There is no obvious way back to the settled system of things because that was merely whatever worked socially and politically at the time. In our time, many old but pragmatic ideals do not have to work as they did in the past. Not until corrected by the impersonal workings of reality, by which time, reformers and progressive people have moved on.

Those reformers and progressive people are busy laying their incompetent hands on what were fairly pragmatic ideals of correctness. We have seen it for decades. Workable, practical ideals are nudged to one side by doctrinal experiments from the fevered minds of academics, political fanatics, useful idiots and power-hungry calculators.

Correctness is often experienced as a sense of what is handed down from above, whatever ‘above’ might be, but that too can be manipulated. Celebrities ought not count as ‘above’ but they do. Even Prince Harry, even Greta, even... but the list is too long.

Our older sense of correctness was always shallow and potentially vulnerable with nothing deeper to get hold of apart from a feeling that it was 'the right thing to do' and generally seemed to work. Yet even the sense that it worked may be labelled as politically incorrect and many people don’t want to know why – it goes no deeper. That’s the vulnerability of it.

3 comments:

dearieme said...

The rot set in when children were allowed to put sugar on porridge.

Sam Vega said...

I think what has happened is that we are now waking up to the fact that we are being "got at"; that there is an attempt to peddle particular ideas of "correctness" from on high.

Where these ideas come from is a real mystery. There is clearly no concerted attempt to work these ideas out so that they are useful for an elite. As Covid shows, they are not that clever. But still, people didn't spontaneously decide to adopt new systems of correctness. Somebody sold middle-class women the idea that they were destroying the planet, and had better stop. Somebody told young people that trannies were an important minority.
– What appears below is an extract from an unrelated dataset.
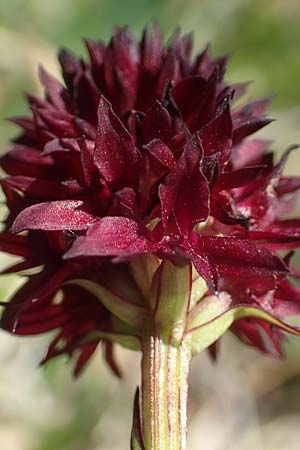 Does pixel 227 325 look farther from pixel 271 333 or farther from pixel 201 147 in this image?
pixel 201 147

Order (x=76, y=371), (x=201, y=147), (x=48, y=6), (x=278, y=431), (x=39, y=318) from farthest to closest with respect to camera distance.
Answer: (x=48, y=6), (x=278, y=431), (x=76, y=371), (x=39, y=318), (x=201, y=147)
And someone sold the idea to young men that it was good to look like David Beckham. All utterly extraordinary.

A K Haart said...

dearieme - in my experience, the best way to consume porridge oats is to roll herring in them before frying.

Sam - yes, where the ideas come from is a mystery. They appear to pop up from obscure academics and pundits who ought to remain obscure but don't. As if dim but well-connected people pick up the drama of radical ideas and that carries them forward in a world addicted to the dramatic. In that respect, gender politics may eventually be useful, because people must generally realise how absurd and damaging it all is.